The agreement requires the tribe to pay states $500 million a year or $2.5 billion over five years for the right to monopolize.
The deal has been under fire since it was approved by the state legislature and DeSantis in May 2021 as many believe it violated Indian game regulations laws. However, while the Bureau of Indian Affairs’ new rules have been taken off Indian soil, it says bets through tribal servers are legal as long as the state agrees. These rules take effect on March 22.
With court cases ongoing in both the Florida Supreme Court and the U.S. Supreme Court, Seminole launched its Hard Rock Bet platform on Nov. 7, 2023, and began opening offline sportsbooks across Florida a month later.
WFA has been trying to find a way to invalidate the compact since Seminole was approved by DOI in fall 2021, saying its monopoly on digital sports betting would be detrimental to their business. The company owns two Paris Mutul in South Florida.
COURT: Quo Warranto does not replace imperative relief
The WFA argued in a Florida Supreme Court filing that the 2021 agreement and subsequent approvals from the state legislature and DeSantis violate Florida law after the Third Amendment was passed by voters in 2018.
The law, Articles X, and 30 require that the expansion of the game go to the electorate, but this was not the case. In the government’s response to the WFA petition, the WFA wrote that the court should deny the petition “because it seeks a declaration of the substantive constitutionality of the legislated law.” 슬롯머신
It is that argument that the court has reserved its opinion.
“As we will explain, (DeSantis et al.) agree that respondents cannot replace what petitioners seek, such as declarative and prohibitive relief, on the substance of the law that ratifies game contracts,” Sasso wrote.
She went on to explain why:
“The petitioners claim that the governor and the Legislature “exercised their respective powers inappropriately” because the substance of the Convention reflected in Articles 285.710(3)(b)(14) and 849.142 and the Florida Statute (2023), the Enforcement Law, is inconsistent with Articles X and 30.

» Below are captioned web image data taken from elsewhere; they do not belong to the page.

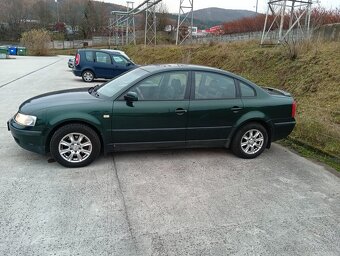 Volkswagen Passat b5 - 3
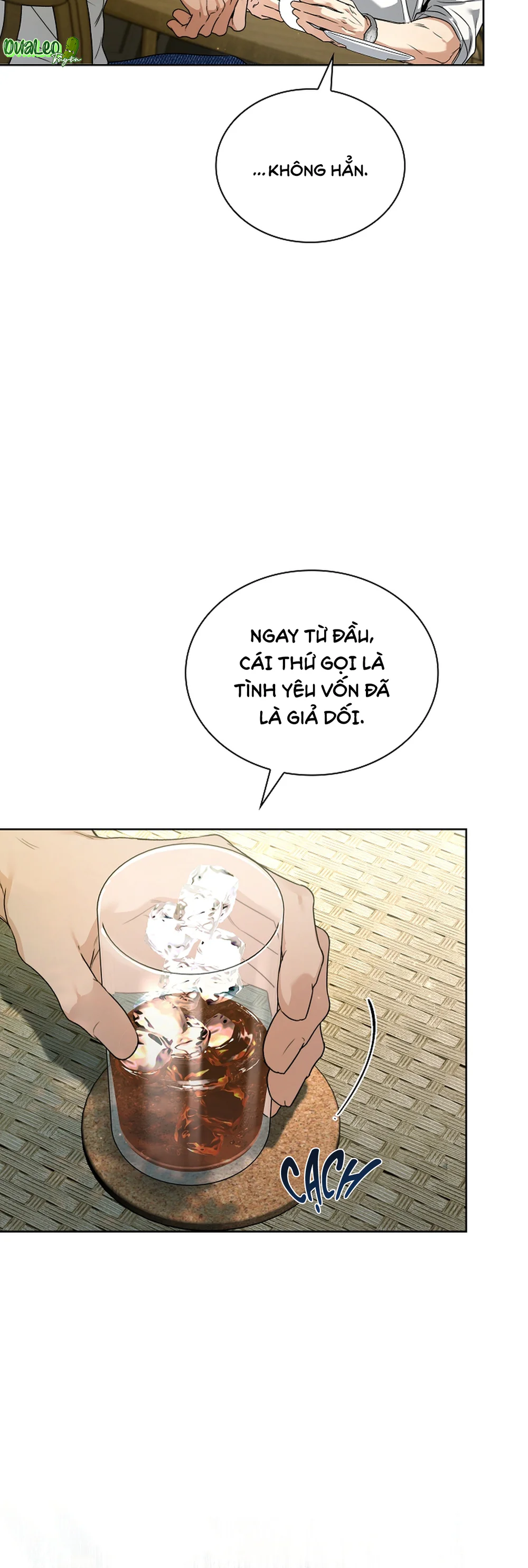 Đọc truyện (ABO) KISS ME IF YOU CAN - Chapter 38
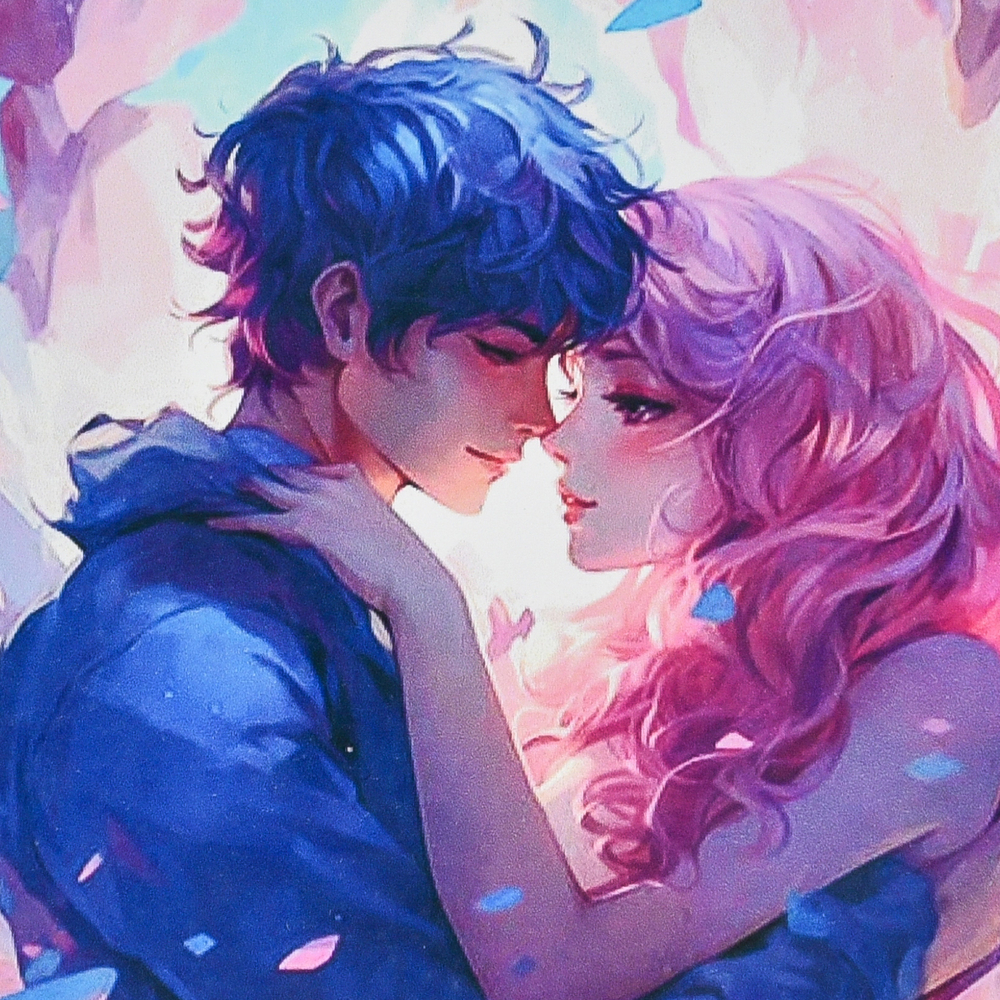 Фото, Видеообзоры алмазна мозаїка strateg преміум подорож у світ кохання розміром 30х30 см (hee16308)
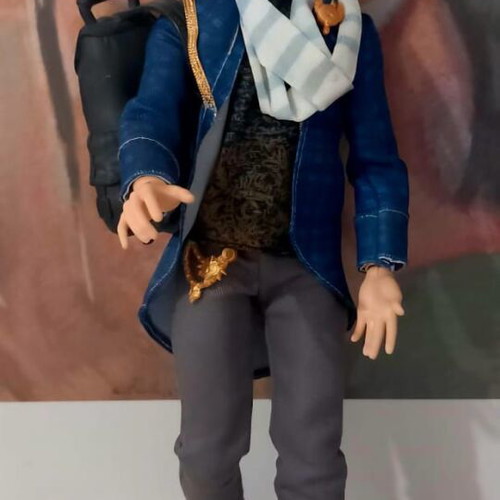 Royal Dexter Charming doll First Chapter like new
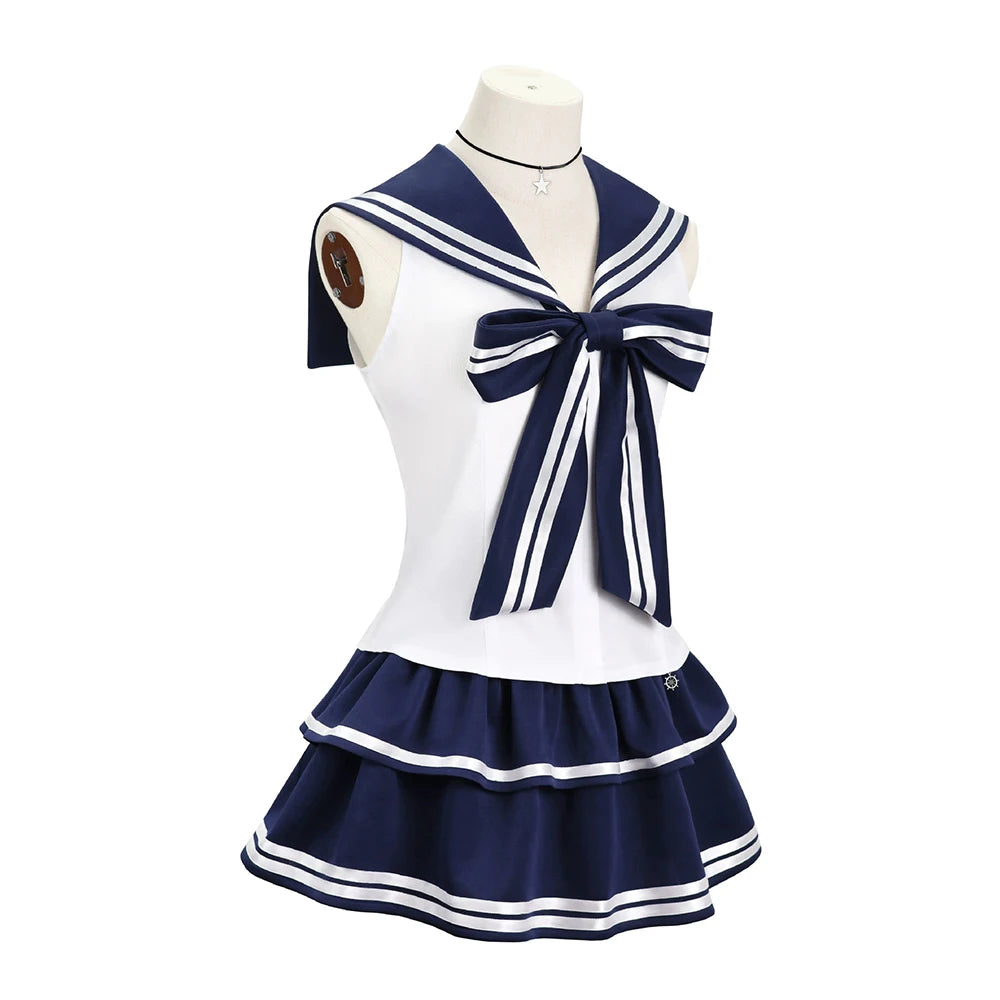 Sailor Uniform Cosplay Costume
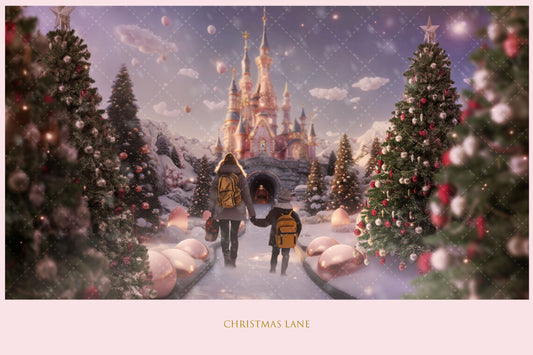 Christmas Lane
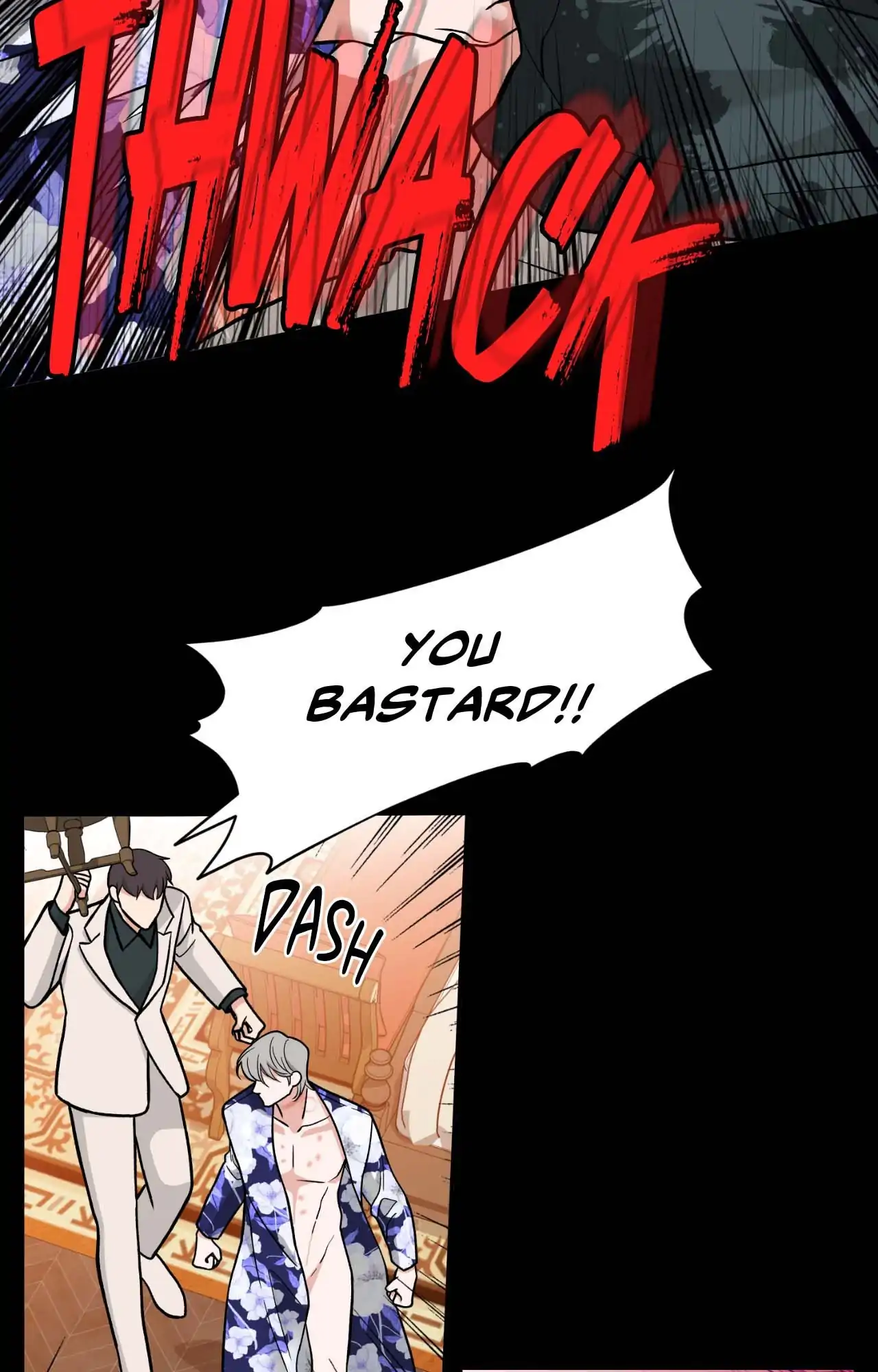 Sealed With a Secret - Chapter 57 manhwa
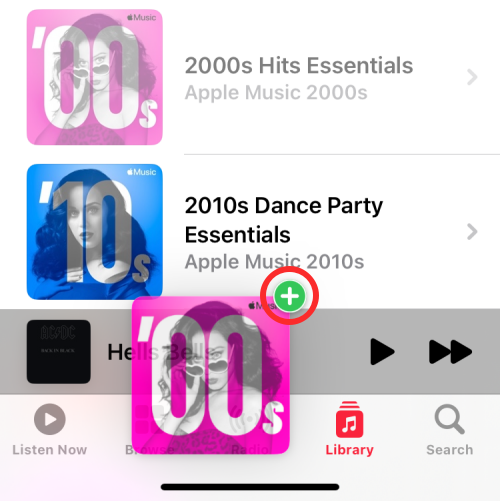 在 iPhone 上的 Apple Music 中快速添加歌曲以播放 Next 的 3 种方法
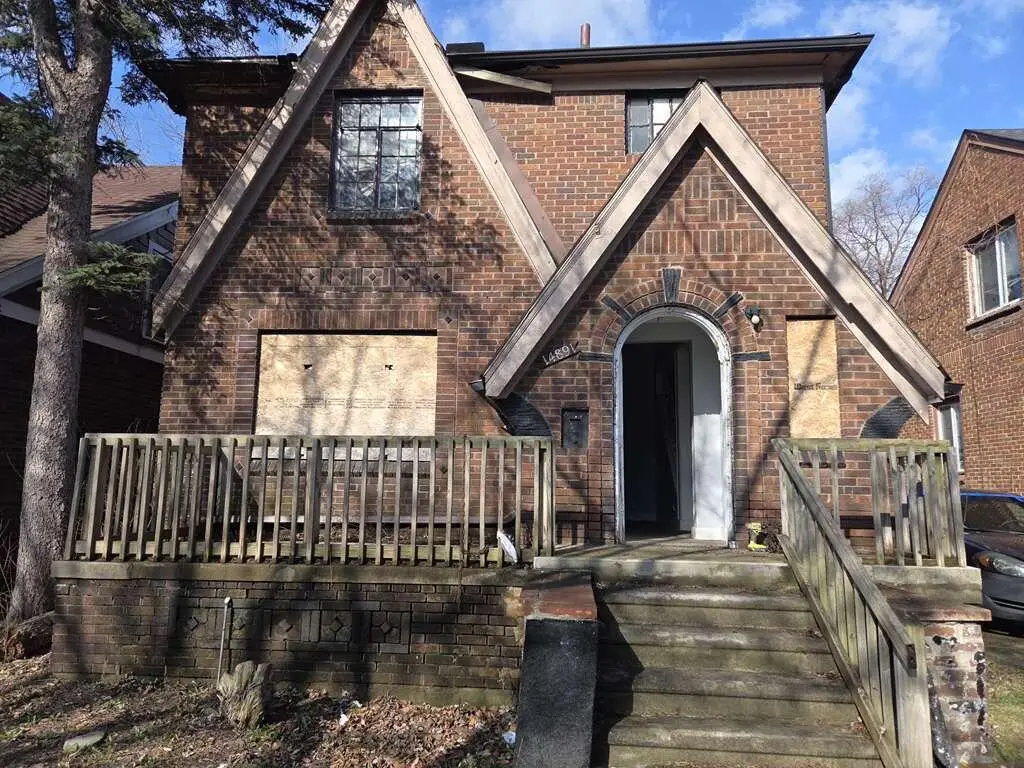 14891 Prevost Street, Detroit, MI 48227 - #1
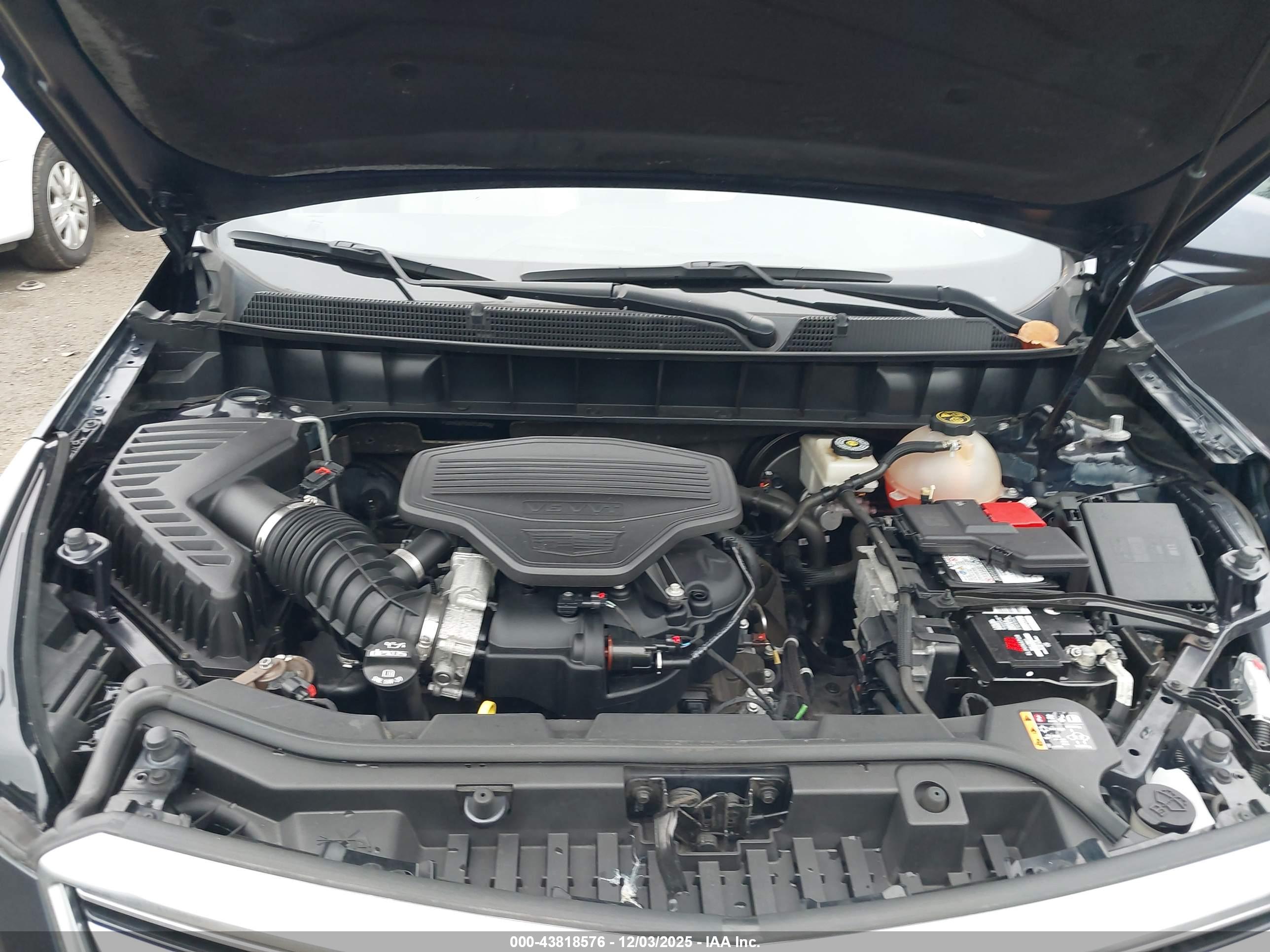 CADILLAC XT5 image 10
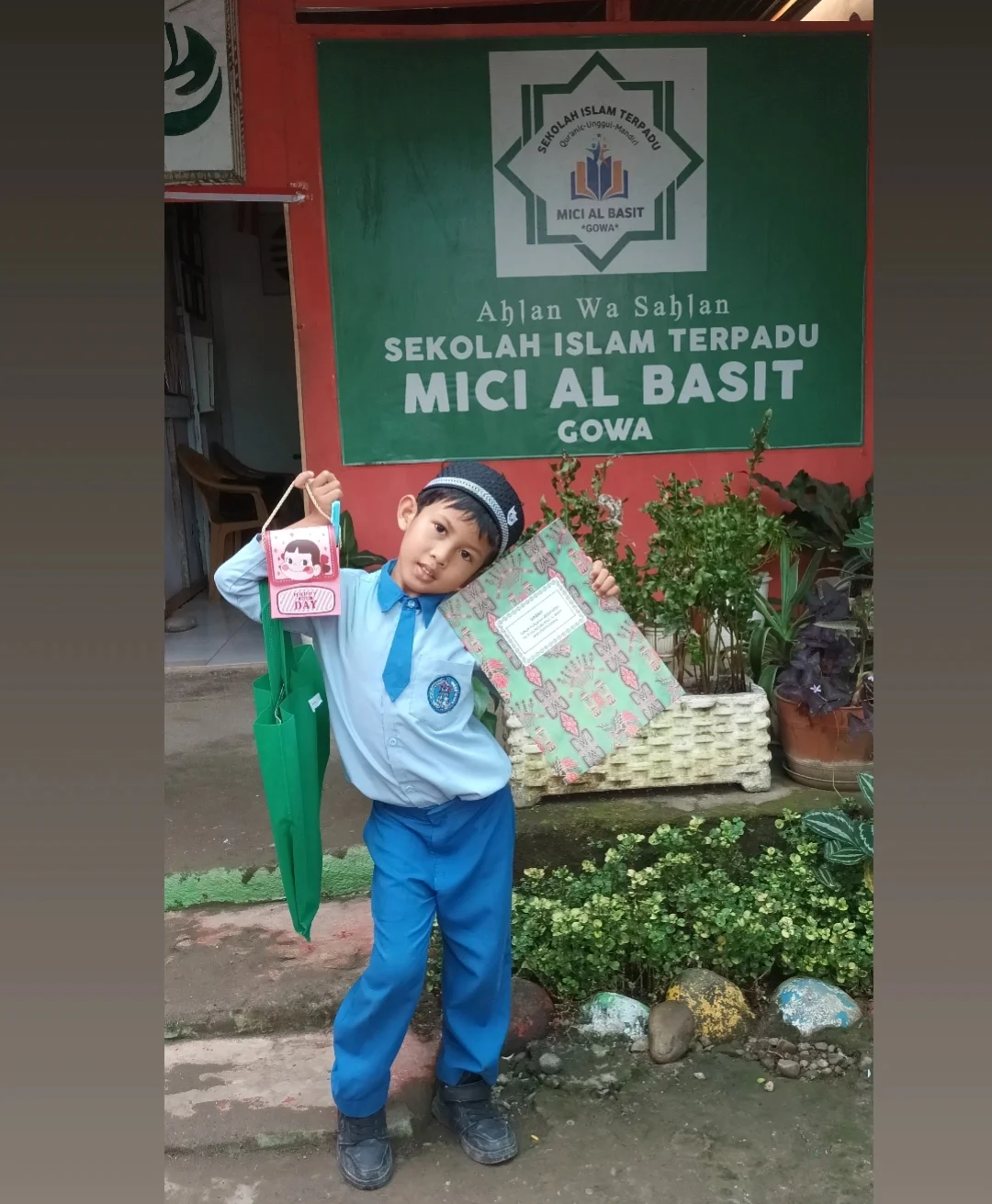 SIT Bilingual MICI Al Basit | Labakkang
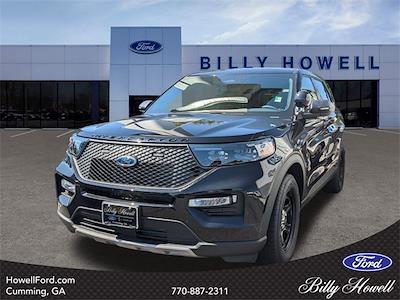 2025 Ford Police Interceptor Utility 4WD SUV for sale #H25407 - photo 1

“This is problematic because no matter how far the use of the status quo warrant is from its original function, this court has never allowed petitioners to use the warrant in the manner sought to address the substantive constitutionality of the enacted law … Furthermore, we have made clear that the status quo warrant is not a replacement for declarative and imperative relief. See Detzner vs. Anstead, 256 So. 3d 820, 823 (Friday 2018).”
In her opinion, Sasso does not directly address whether the contract and its approval are out of scope, but the type of application is not appropriate for the request.